Com um percurso ligado ao associativismo e à causa pública, João Heitor chega à presidência do município do Cartaxo colocando um ponto final na hegemonia socialista que durava desde o 25 de Abril. A dívida herdada do PS é o maior dos problemas para o novo presidente social-democrata, que espera resolver rapidamente questões relacionadas com gestão de espaços verdes, limpeza urbana e dar mais condições aos funcionários da autarquia para desenvolverem o seu trabalho.
Quais são os principais desafios que o Cartaxo enfrenta neste momento?
O Cartaxo, enquanto município, tem vindo, ao longo dos últimos anos, a perder competitividade em relação aos seus vizinhos, nomeadamente Azambuja, Rio Maior, Santarém até mesmo Samora Correia e Benavente.
É uma região pouco competitiva até tendo em atenção as dificuldades financeiras do município, fruto de toda a gestão de executivos anteriores, nos quais existiu um delapidar de recursos que não lhe permitem relançar-se nesta competitividade. Agora, queremos olhar para a frente, mas temos que aprender com o passado.
A situação de hoje é fruto de circunstâncias passadas, com as quais temos que aprender e perceber como vamos dar a volta a isto.
Temos que promover algumas alterações estruturais, nomeadamente no funcionamento do município, que nos permitam recuperar competitividade no que diz respeito à fixação de investimento, de empresas. Para isso, os nossos serviços têm que se tornar mais céleres, mais atentos, mais disponíveis, mais focados, para poder dar respostas mais rápidas a estes potenciais investidores.

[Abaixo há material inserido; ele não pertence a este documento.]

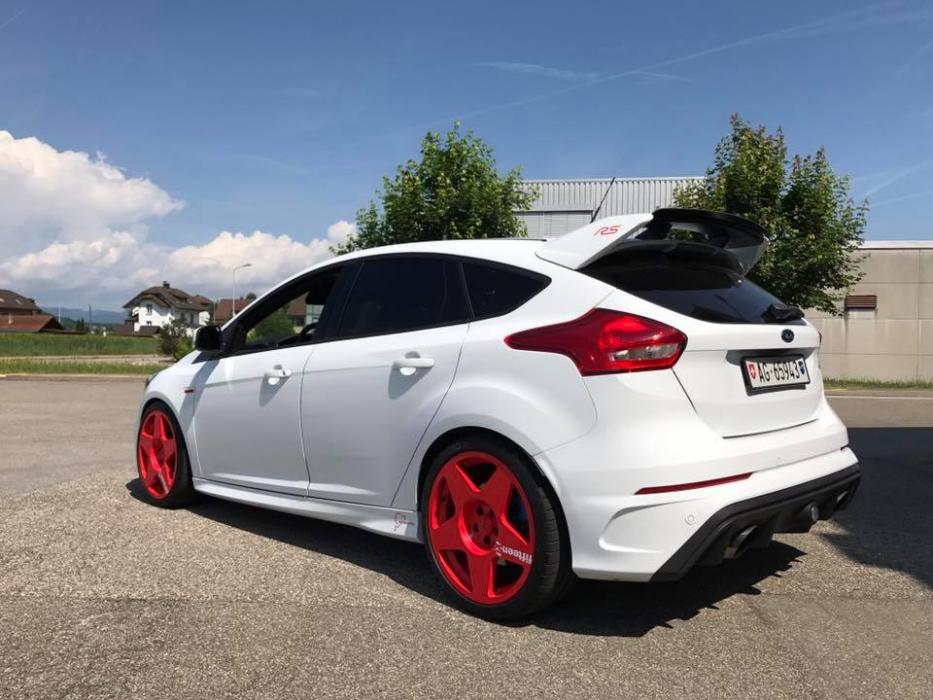 my Focus RS with fifteen52 wheels
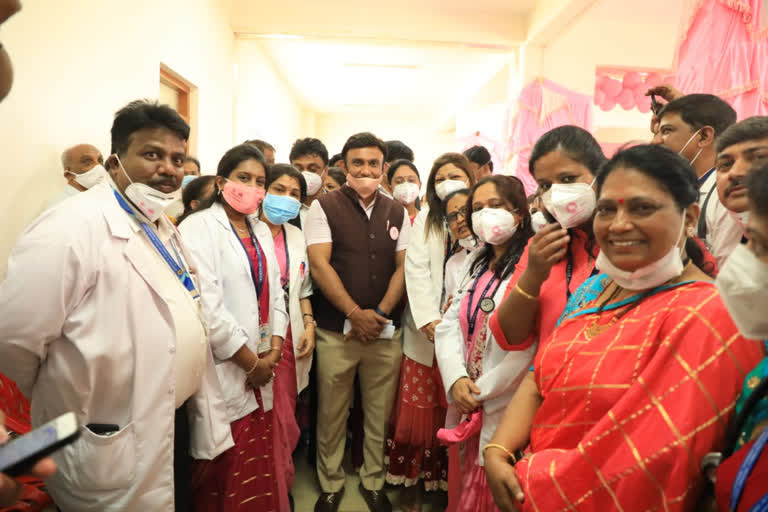 Pink bhoot open, Pink bhoot open by Minister Sudhakar, Pink bhoot open for covide test in Bangalore, Pink bhoot news, ಪಿಂಕ್​ ಭೂತ್ ಉದ್ಘಾಟನೆ, ಪಿಂಕ್​ ಭೂತ್ ಉದ್ಘಾಟಿಸಿದ ಸಚಿವ ಸುಧಾಕರ್​, ಕೋವಿಡ್​ ಪರೀಕ್ಷೆಗಾಗಿ ಪಿಂಕ್​ ಭೂತ್ ಉದ್ಘಾಟನೆ, ಪಿಂಕ್​ ಭೂತ್ ಉದ್ಘಾಟನೆ ಸುದ್ದಿ, ಬೆಂಗಳೂರಿನಲ್ಲಿ ಪಿಂಕ್​ ಭೂತ್ ಉದ್ಘಾಟನೆ,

Quando o município se prepara para dar estas respostas mais rápidas aos investidores tem que se preparar também para dar respostas mais rápidas às associações, por exemplo. As associações também passam por momentos difíceis, e o município, nos últimos anos, não teve condições para entregar apoio financeiro à actividade regular das associações, mas há outras formas de ajudar. Também sendo mais ágeis nas repostas, mais céleres a tratar problemas com que as associações se deparam, nomeadamente a processos de licenciamento, de legalização, estamos a apoiar este importante sector.
Tudo isto resulta no principal foco que é mais qualidade de vida para as pessoas: se temos mais investimento, mais empresas, melhor emprego, associações melhor preparadas para responder às necessidades das pessoas e aos seus anseios, quer na área desportiva, quer cultural, no apoio as crianças e aos idosos, teremos certamente um território mais preparado.
Aqui, no município, encontramos um grupo de pessoas motivadas, com vontade de fazer, que percebem que é necessário mudar. Mudar alguns comportamentos e alguns modelos. Mas precisamos de lhes dar mais meios, precisamos de reforçar aqui com mais recursos, para que possam ser mais eficazes e eficientes.
Isto é, por si só, uma tarefa gigantesca, e este trabalho de ‘organizar a casa’ acreditamos ser um trabalho de retorno imediato para a população. E, depois, também a médio longo prazo, de forma consistente.
Temos como grandes objectivos também dar início, já este ano, à requalificação da escola secundária, que foi um processo que encontramos parado: já tinha sido lançado concurso, mas ficou vazio.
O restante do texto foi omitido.